There’s only one problem: the whole story smells. It stinks of leftist exploitation.

Here’s what we know. On Monday, Mohammed brought a homemade clock to school. For those who don’t know the ins-and-outs of electronics, the device looked like a possible incendiary device. Ahmed told the media that he made the clock last weekend and brought it to school to show his engineering teacher. He explained to local news, “It was the first time I brought an invention to school to show a teacher.”

He didn’t explain that to police, however, according to the authorities. And he didn’t just show the device to his engineering teacher. In fact, the engineering teacher told him not to carry the device around after Mohammed showed him, according to The New York Times:

He said he took it to school on Monday to show an engineering teacher, who said it was nice but then told him he should not show the invention to other teachers.

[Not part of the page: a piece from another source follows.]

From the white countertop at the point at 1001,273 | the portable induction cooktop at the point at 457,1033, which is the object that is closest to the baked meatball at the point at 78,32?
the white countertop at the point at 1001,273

Later, Ahmed’s clock beeped during an English class, and after he revealed the device to the teacher, school officials notified the police, and Ahmed was interrogated by officers. “She thought it was a threat to her,” Ahmed told reporters Wednesday. “So it was really sad that she took a wrong impression of it.”

Why was the device in English class in the first place, especially after the engineering teacher told him not to show it around? When confronted by police and his English teacher, why didn’t Mohammed just tell them to talk to the engineering teacher? When police asked Ahmed what the device was and why he brought it to school, according to WFAA:

Officers said Ahmed was being “passive aggressive” in his answers to their questions, and didn’t have a “reasonable answer” as to what he was doing with the case. Investigators said the student told them that it was just a clock that he was messing around with. “We attempted to question the juvenile about what it was and he would simply only say it was a clock. He didn’t offer any explanation as to what it was for, why he created this device, why he brought it to school,” said James McLellan, Irving Police.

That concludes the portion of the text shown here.